Andre Alexis. The Hidden Keys. Coach House Press.$19.95, 240 pp., ISBN: 9781552453254

A Review of André Alexis’s The Hidden Keys 

Review by Rhonda Dynes

The Hidden Keys, André Alexis’s new novel, was inspired by a reading of Robert Louis Stevenson’s Treasure Island and features a ludic twist on some of the endearing characteristics found in many adventure stories. But this isn’t really a children’s book. In Alexis’s novel we have a loveable rogue, Tancred Palmieri; a damsel in distress, local addict Willow Azarian; wily and dangerous villains, Errol "Nigger" Colby and Sigismund "Freud" Luxemberg; and, of course, the promise of hidden treasure – no spoilers here! 

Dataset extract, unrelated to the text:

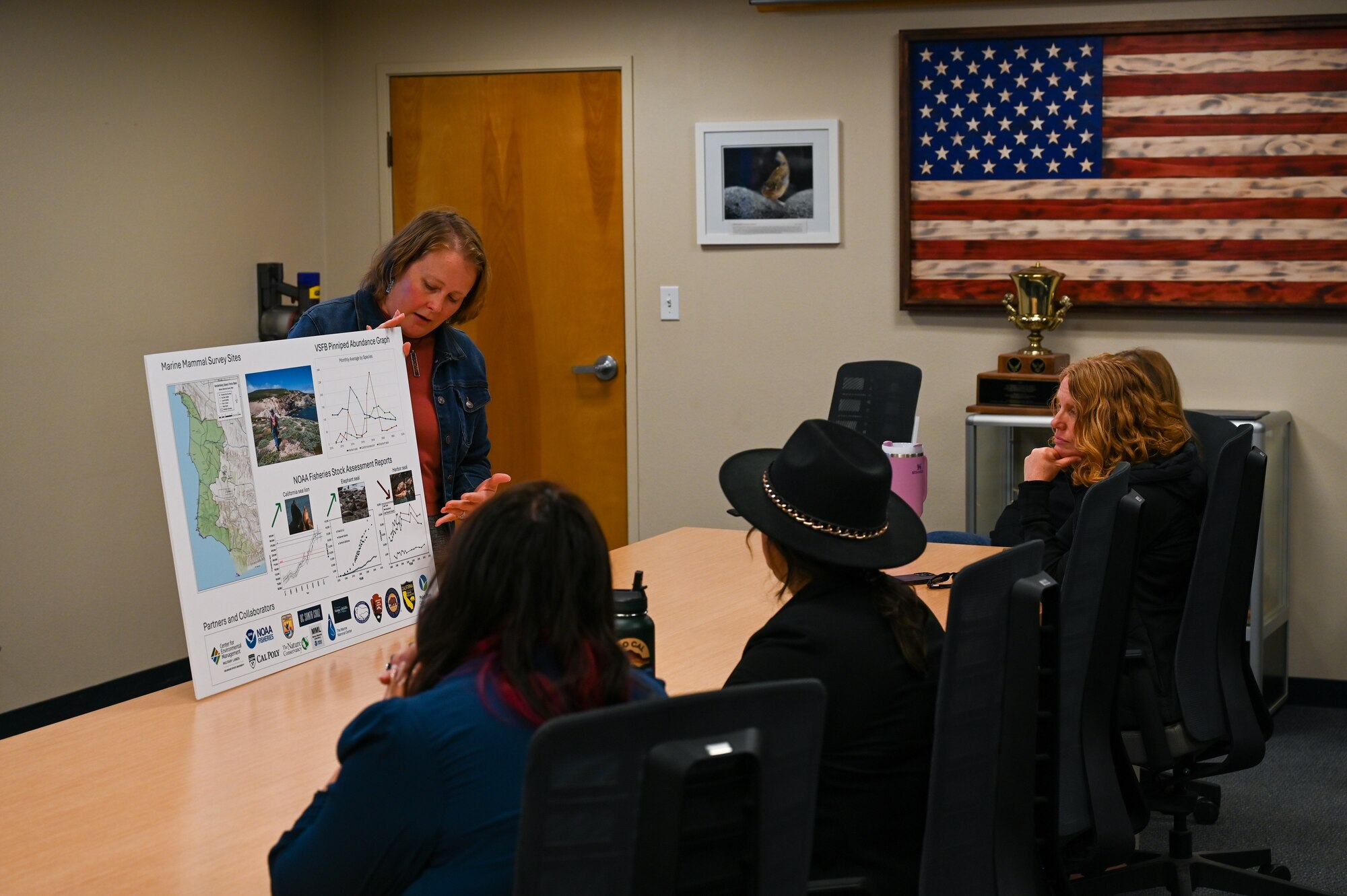 A group of people sit at a table watching a presenter.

Much awarded, André Alexis is the winner of both a Scotiabank Giller Prize and the Rogers Writers’ Trust Fiction Award for his last novel, Fifteen Dogs (2015). His first novel, Childhood (1998), won a best first novel award in Canada and his first published work, a set of short stories called Despair and Other Stories of Ottawa (1994) was short-listed for the Commonwealth Prize. 

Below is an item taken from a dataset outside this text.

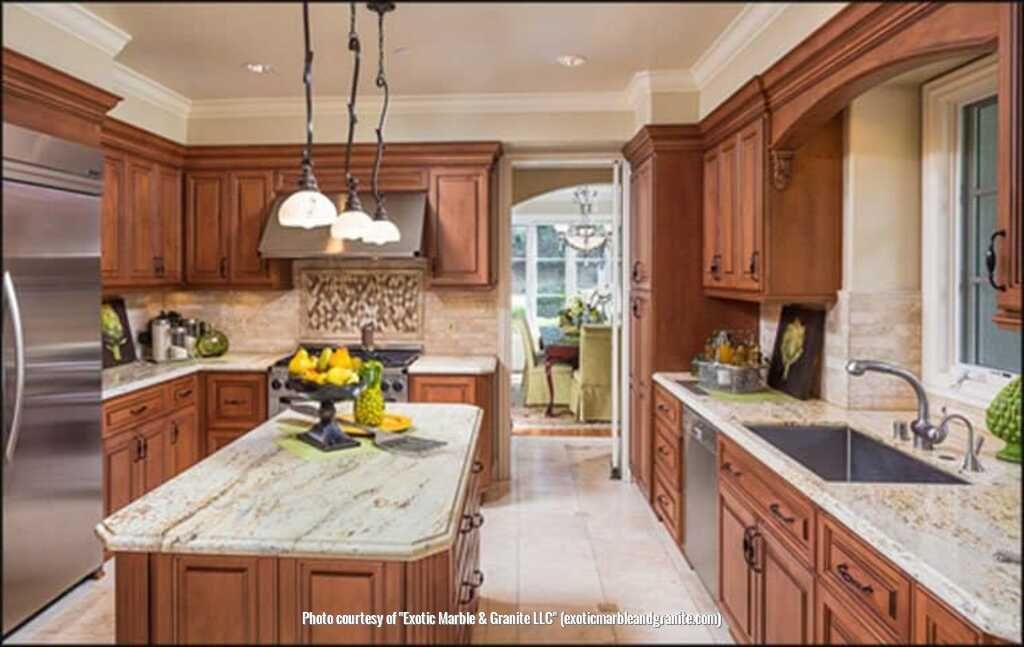 Kitchen with wood cabinets, island, and granite countertops. Stainless steel appliances and sink.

The Hidden Keys marks the third of a quincunx (think of the five pips on a gamer’s die) and is filled with addicts, albinos and cyber-fortresses – a pastiche of allegorical, metaphorical and "ripped from the headlines" pieces from Toronto’s underworld. Its hero-cum-thief-cum-pirate in this story is the elusive and pensive Tancred Palmieri, a man as wracked by thoughts about love and truth and the meaning of life as any German existential philosopher. 

When the thief Tancred encounters Willow at The Green Dolphin – a real bar now long gone in Toronto’s Parkdale neighbourhood – she is dying of hepatitis, so when she asks him to accompany her to her apartment and tells him that she is a multi-millionaire, he humours her. Then, when she asks him to go on a treasure hunt for her – a legacy from her father – he is pushed onto an unexpected path: “A treasure hunt, whatever you might call it, was a whim. So, to his mind, he was doing this for Willow, doing something to bring her peace, a kindness to one who was in need of kindness. He gave his word. He agreed to steal the four other mementos. He agreed to try to work out the significance of each.” 

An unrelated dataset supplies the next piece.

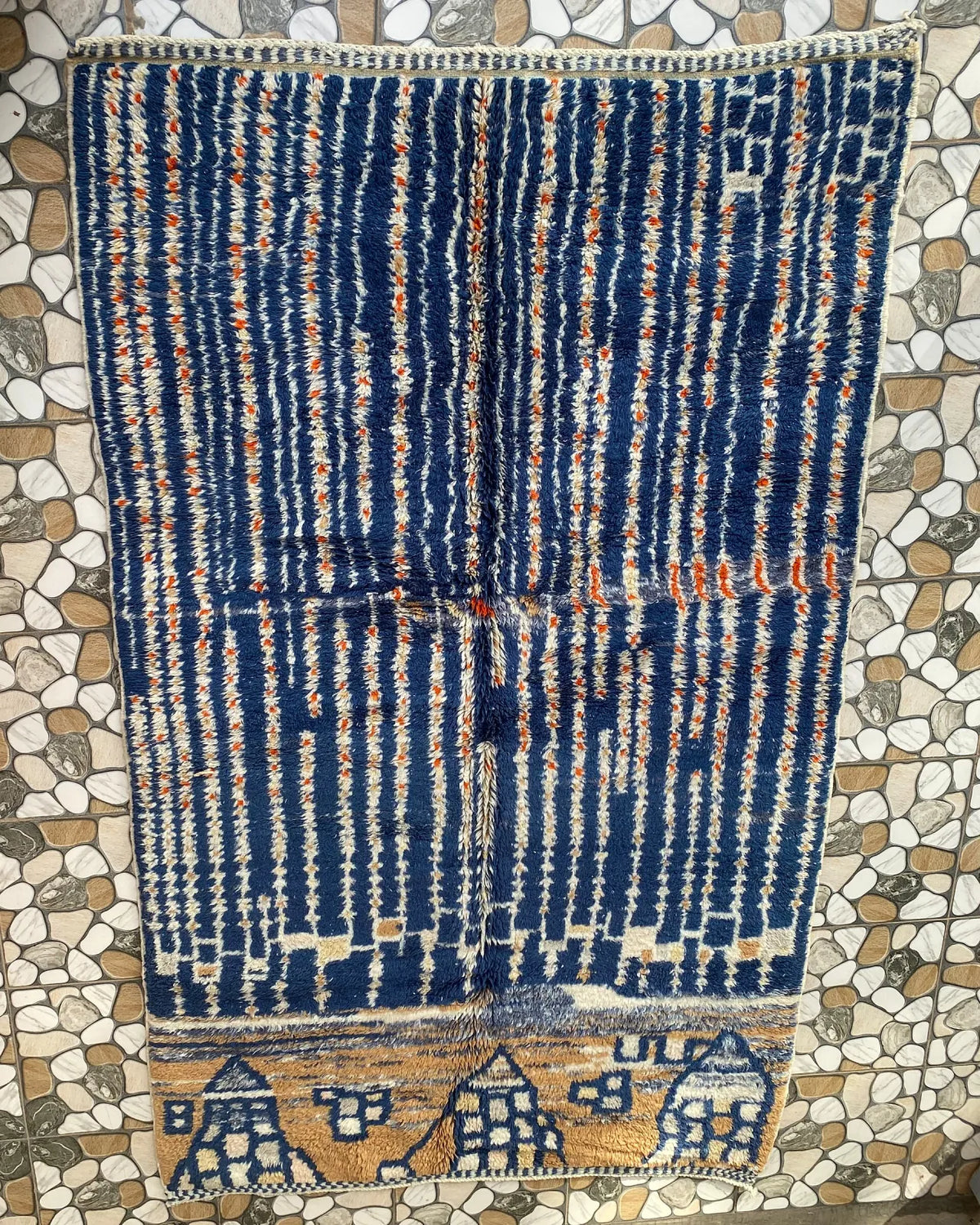 Navy Blue Stripe Moroccan Rug, full view laid flat on the workshop floor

The treasure hunt is deceptively simple if you are an expert thief. Collect or steal the five mementos left to the five Azarian children by their father and decode their messages. At the end, according to Willow, there will be a great treasure. But along the way, like all of the protagonists in Alexis’s series, Tancred must make choices and think deeply at each turn: about goodness and sin, about home, about what it means to be loyal to a pack, about what it means to always question, to go further when it comes to the meaning of what is good and what is really important in life. These themes are echoes from the first two novels in Alexis’s quincunx, Pastoral (2014), and Fifteen Dogs (2015), and The Hidden Keys itself is, sadly, equally as short as the previous offerings. Together, the novels represent a glorious palimpsest of biblical, classical, and Canadian references overwhelming in their psychological intensity and in their brilliance. Alexis is a literary cartographer of the highest calibre and The Hidden Keys should be book-marked on everyone’s map.